Dans cette εποχη cartésienne, Michel Henry découvre que le sentir et la pensée vont de pair, tout comme la conscience et la perception chez Husserl. « Aller de pair », c.à.d. superposition, et non confusion. Difficulté majeure, accoucheuse de contresens et aveuglement sur les débuts de la phénoménologie husserlienne chez Descartes : Descartes n’arrive pas à tenir la distinction videre/videor, que seule la phénoménologie transcendantale arrive à faire voir, à montrer, bien que de manière implicite et floue chez Husserl. Nous comprenons, ipso facto, que Husserl ne prolonge pas, ne dépasse pas et ne se distingue pas autant de la philosophie cartésienne, comme il cherche à le faire au paragraphe §10 des Méditations Cartésiennes : il la reprend là où elle avait été recouverte. Michel Henry fait apparaître un Husserl plus cartésien qu’il en a l’air, mais aussi un Descartes husserlien et bien plus phénoménologue qu’il l’a été lu. Le « videre videor » est le point de lecture herméneutique enrichissant et puissant qui fait le pont entre la philosophie cartésienne et la phénoménologie transcendantale husserlienne, mettant fin à l’absolue rupture de Husserl contre Descartes.

© Jonathan Daudey

Une réflexion sur “Husserl est-il cartésien ? | Intervention à l’Université de Freiburg-im-Breisgau [Texte + Vidéo]

  1. Bonjour, je tiens juste à signaler deux gros contre-sens dans votre lecture de Descartes.
    1) « A la différence de Descartes, Husserl veut redéfinir l’évidence non pas comme propriété du jugement » : l’évidence n’est jamais une propriété du jugement pour Descartes, c’est la certitude (notamment dans les Méditations métaphysiques, Discours de la Méthode); à l’inverse, l’évidence, c’est la lumière naturelle, qui fait jour dans l’entendement. C’est bien parce que l’évidence n’est jamais de l’ordre du jugement, qu’elle ne peut être fausse.
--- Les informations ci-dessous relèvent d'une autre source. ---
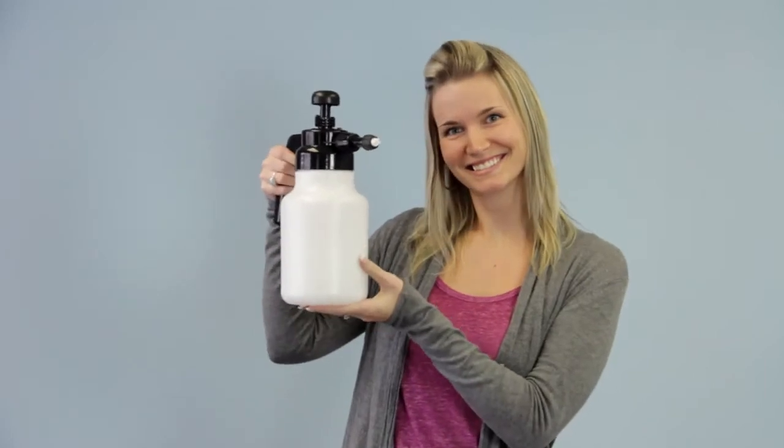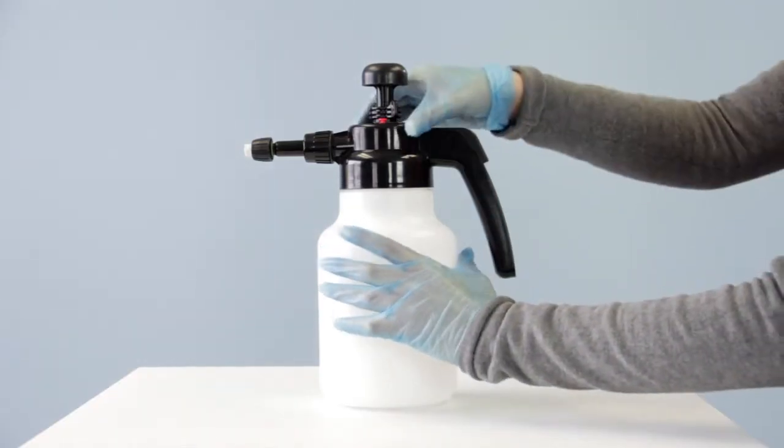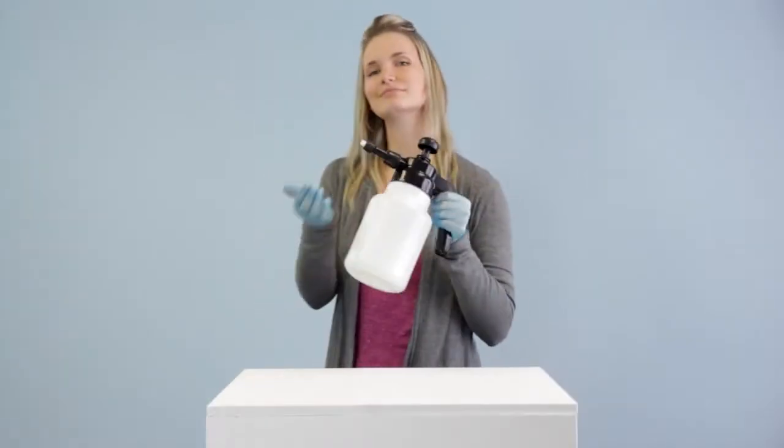This is Lindsay and this is the Foam-It 2L 10X. It's not complicated. Fill it up, pump it up, and go to work.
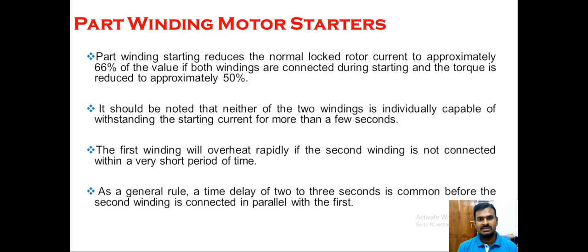The locked rotor current is the current taken by the squirrel cage induction motor during the starting period — when the rotor is in a stationary condition and begins to rotate, whatever current is taken at that moment is called the locked rotor current. The torque is also reduced to approximately 50%. It should be noted that neither of the two windings is individually capable of withstanding the starting current for more than a few seconds.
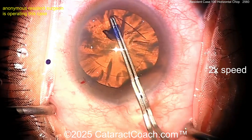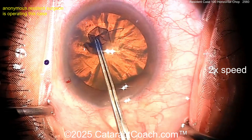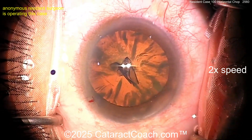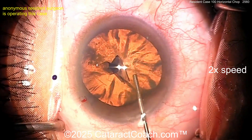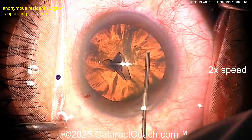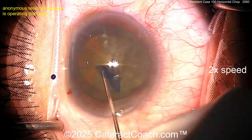Look at the pivoting within the incision — this is really well done for a hundred cases. I'm blown away. This new generation has the ability to really surpass previous generations. The amount of material you have to learn from, like CataractCoach and other videos online, is really amazing. What a beautiful rhexis — that's just about five millimeters, I'm guessing.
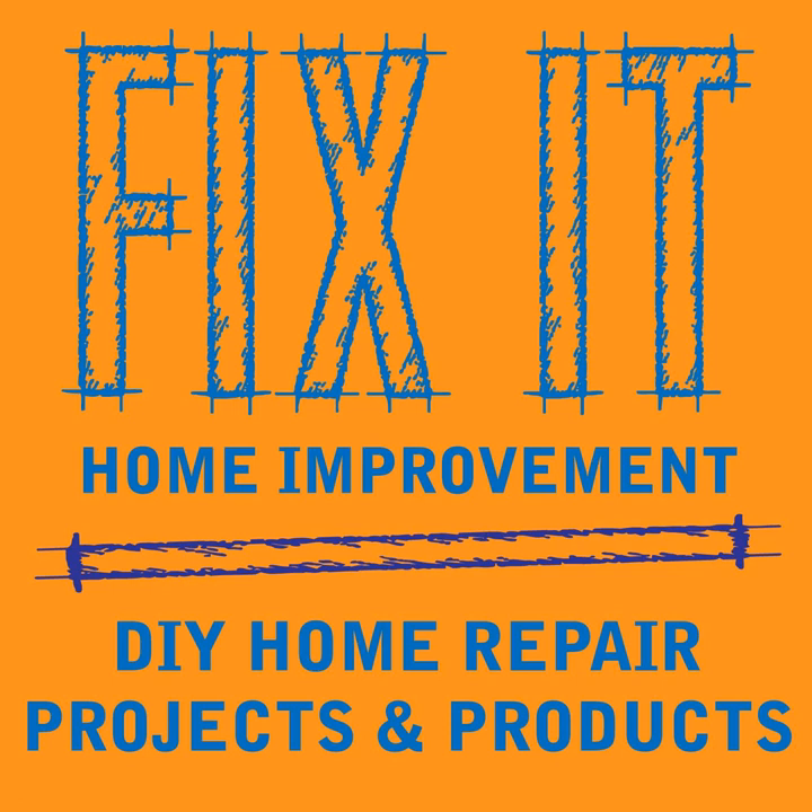Welcome to Fix-It Home Improvement, covering projects that every homeowner should know and great products for home and garden. I'm JC and this is where we share weekly home improvement tips. I'm here with Cindy. Today we're going to be talking about different types of light switches and how they work.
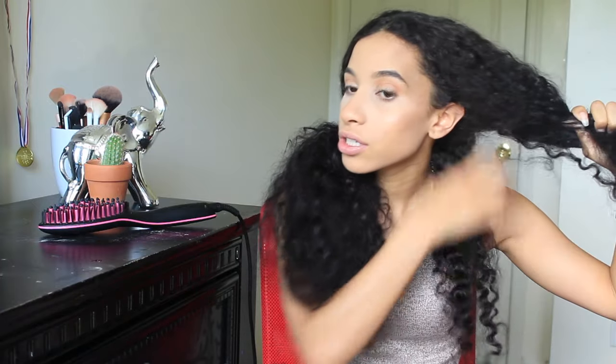So this is what my hair looks like when it's completely dried and nothing in it. I washed it last night and let it dry overnight — this is crazy. So I'm just going to divide my hair; I usually start at the bottom. And I make sure that my hair is completely detangled.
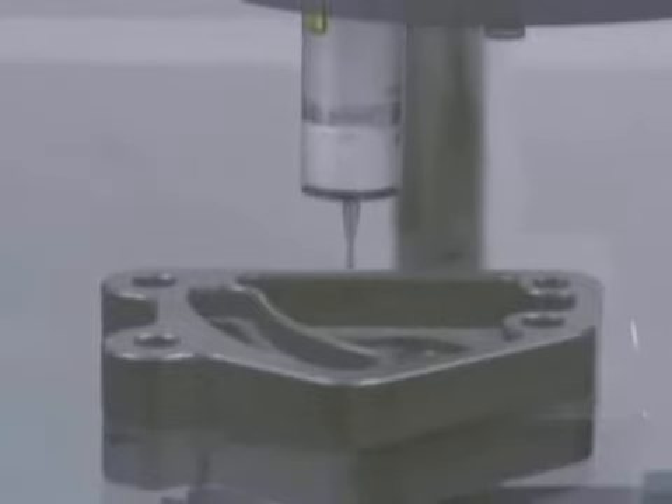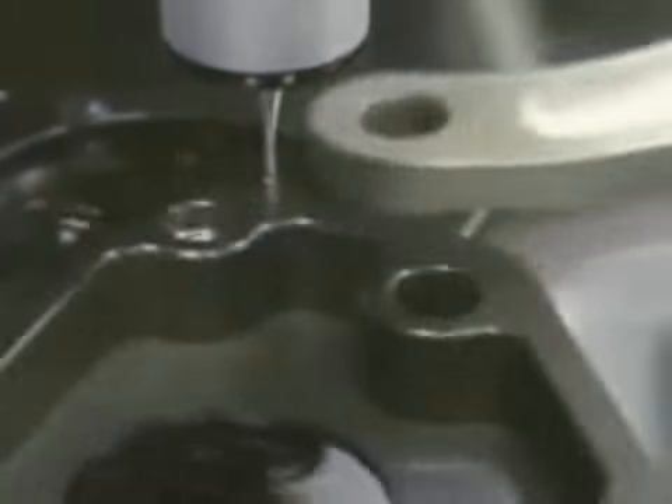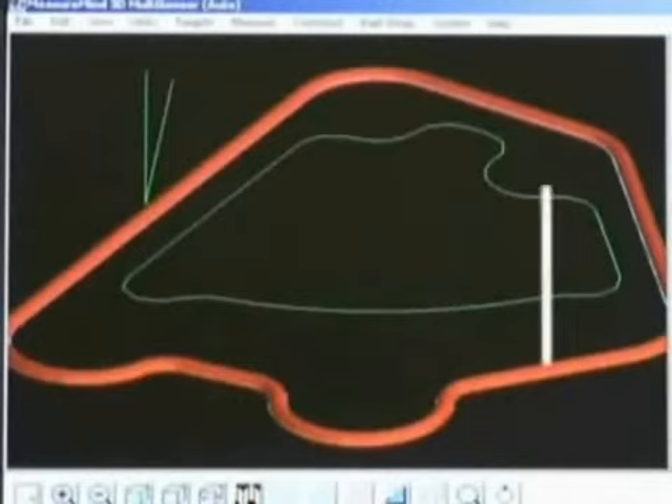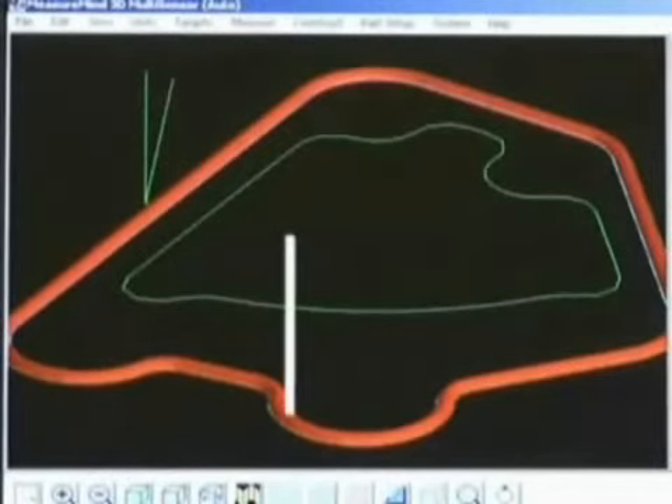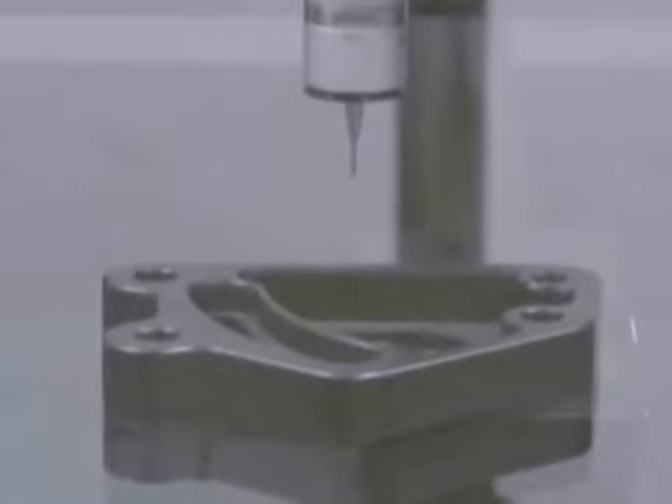Now it's scanning the outside of this part. Again, only a single point was identified to do this scan — it wasn't told to move around this form. All of the red points that you saw there were points that it's taking, so around each of those contours there were thousands of points acquired.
L’évidence est toujours vraie chez Descartes. cf Gilles Olivo, Descartes ou l’essence de la vérité, et IVe Méditation métaphysique
    2) « qui est celle d’un critère de vérité: l’évidence ou la perceptio clara et distincta »: la règle de l’évidence, bien que Descartes ne l’ai jamais appelée comme ça, ou encore la règle général, ou encore la règle de la vérité, n’est jamais un critère pour déterminer la vérité. Cf la lettre à Mersenne du 16 octobre 1639: la vérité est toujours « transcendantalement clair » pour Descartes, et il n’y aurait pas de sens à avoir un critère de la vérité, car la vérité du critère présuppose toujours la vérité.